Global Policy Forum

Alternative Financing for

Print

By James A. Paul
Executive Director, Global Policy Forum

September 1997
The Need for New Approaches

Dues from member states have supported the United Nations since its founding. But increasingly in recent years, states have failed to pay. At the same time, nations have been contributing less to UN voluntary agencies and multilateral aid programs as well. Overseas Development Assistance has been falling, worsening poverty in the poorest countries. All across the board, the funding system based on nations has been unravelling. So while global problem-solving is needed more than ever, the funding crisis has strangled joint efforts to protect the environment, promote public health, defend human rights, care for refugees, foster development and promote peace.

In the short run, the crisis can only be resolved by an improved system of payments from member states. But in an era when governments throughout the world are under pressure to cut their budgets, we must find alternate means to fund the UN and other global agencies, to reinvigorate these institutions and to fund increasing global tasks.
Many experts have proposed alternative funding schemes, usually based on global taxes or fees. The experts argue that the proposals can be a step towards stronger global institutions, less dependent on the shaky finances of nation-states. Proponents of innovative financing also argue that other policy goals will be served -- such as reducing the consumption of environmentally polluting fossil fuels through a global carbon tax, or reducing currency speculation through a global tax on currency exchange.

Levies, Fees and Services
In virtually all cases, the proposals would levy very small taxes or fees on very large global transactions, yielding a large revenue while imposing a relatively light burden on any individual. The proposal known as the Tobin Tax, after economist James Tobin of Yale who first proposed it in 1972, would impose a tax of just a fraction of one percent on a currency exchange volume estimated at more than $250 trillion. One tenth of one percent would yield the gigantic sum of $250 billion, twenty-five times the expenditures of the whole UN system in 1995.

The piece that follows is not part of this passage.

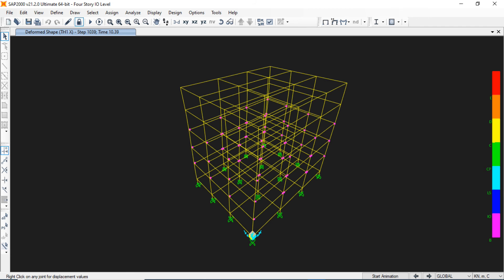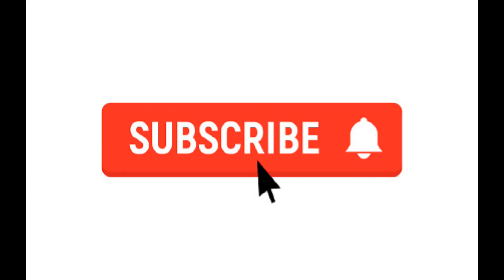So please stay tuned with us. Subscribe to my channel and also tap on the bell icon for updates. We are going to start the tutorial series very soon. Thank you guys, stay safe.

Alternative funding proposals include: fees for commercial use of the oceans and the atmosphere, for parking of satellites in earth orbit, for commercial use of the airwaves, and for commercial use of the seabed; taxes on the arms trade, on tobacco products, on fossil fuels and nuclear energy, on forest products, and on mining of minerals; taxes on currency exchange and on other financial markets; fines on ocean dumping and other forms of environmental pollution; and taxes on international air and sea travel.
As an alternate, some experts have urged arrangements for revenue-raising that would sell goods or services. UNICEF's sale of holiday cards may be the most visible and effective example already in practice. This cluster of proposals include a global lottery, sale of special stamps, fees for the services of international organizations, a global currency exchange authority, and a UN Security Insurance Agency. The latter would receive insurance premiums in exchange for guaranteeing the security of a nation -- a novel if somewhat unusual concept.

Often the schemes involving taxes or fees propose sharing the revenue between the UN, national governments and other international agencies. For example, at the international level, revenues might be shared between the development banks (like the World Bank), UN specialized agencies and funds, and the UN regular budget. Critics of the development banks oppose this concept, while "realists" think that more beneficiaries will assure wider the support for such potentially controversial new schemes. Since national governments must agree to the concept and will likely be involved in revenue-collection, some argue that they will inevitably claim a major share of the receipts.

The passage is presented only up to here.